Difficult people emerge in all facets of life. These types surface in the workplace, school, at a place of business or even in the home environment. Difficult people can show themselves in most any kind of professional or social setting. How many times have you tried to work with an insurance company or doctor's office and run into a staff member who is nothing less than obstinate? What about that family member or friend who seems to thrive on giving others a hard time?

Chances are somewhere in your life you are going to run into someone who just wallows in either negativity or controversy. The way you handle the interaction may depend upon the circumstances and the role you play in the situation.

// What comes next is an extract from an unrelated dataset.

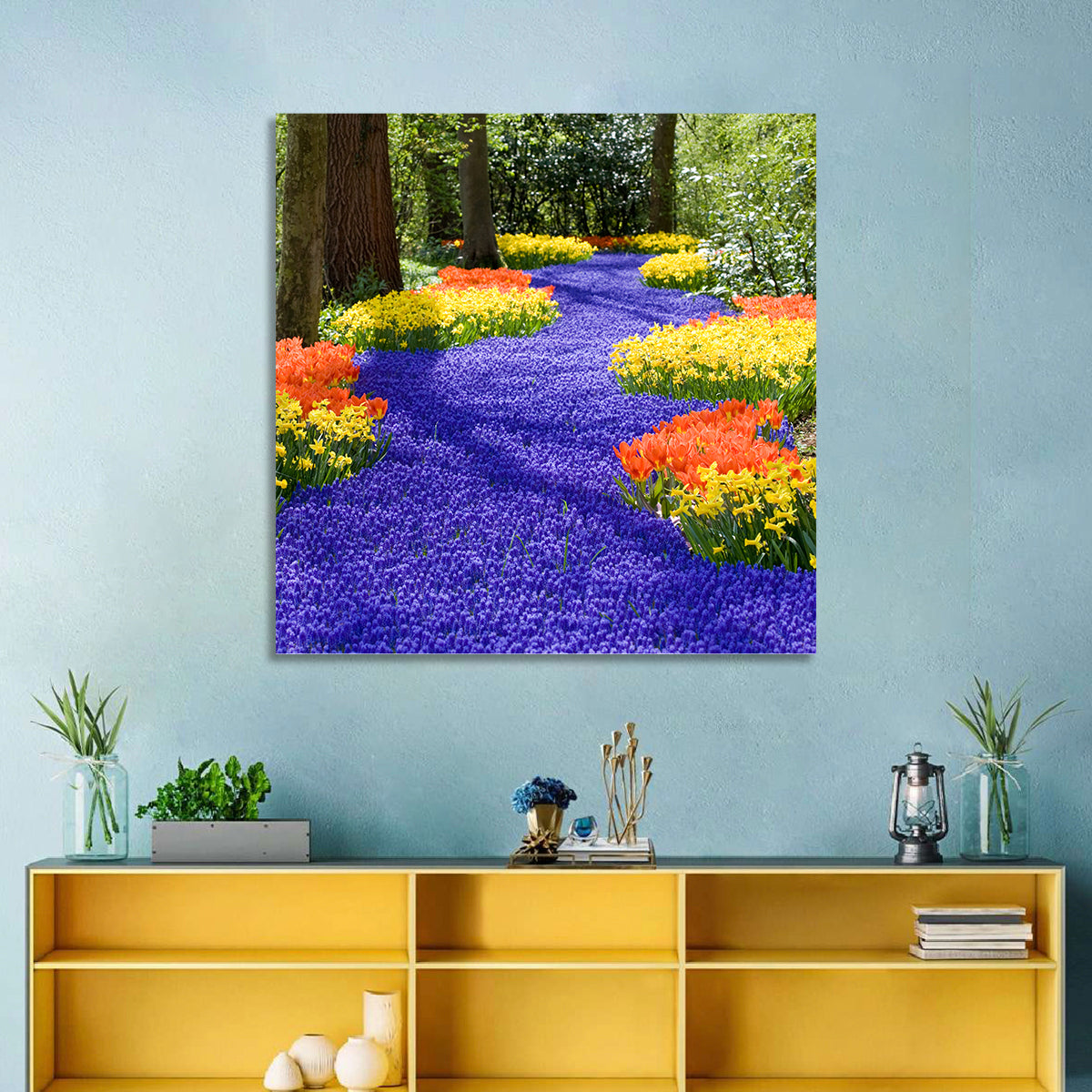Spring Garden Path Wall Art in a room, landscape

For instance, if you are an employee dealing with a demanding customer you have to keep your composure under any circumstances or else risk trouble with your employer. In a home situation there is a bit more latitude in your reaction if you are in dispute with a family member. No one is going to fire you.

Regardless of the situation or role you play, there are still some common approaches to dealing with a difficult person. The key is to be proactive and not reactive; the latter seldom leads to good results because of the volatility element often involved.

Not sure how to approach a situation where you are coping with a difficult person? Here are a few tips to help you when you are in dealing with someone who is not very cooperative and/or determined to continue being combative:

Try To Be Understanding

Perhaps the problem is simply the person is frustrated, needs help and is reaching out to you, even if his or her demeanor isn't the nicest approach. Sometimes all someone needs is a helping hand or an attentive ear, and this pulls him or her out of the mindset of being obstinate or problematical. A little kindness can often go a long way. The first step is to try to understand; see if this approach doesn't turn the situation around. If the situation is ongoing, it may not be as simple, but it is worth a try.

Smile and Kill 'Em With Kindness

If the person being difficult seems to be thriving on being argumentative, chances are he or she is just looking for a reaction.

The old saying, "You catch more flies with honey than you do with vinegar", holds a lot of truth. This philosophy works for difficult people too. If you find the person is being intentionally combative with no real legitimate reason behind his or her behavior other than the fact he or she is enjoying riling others up; a smile may put the brakes on the situation. 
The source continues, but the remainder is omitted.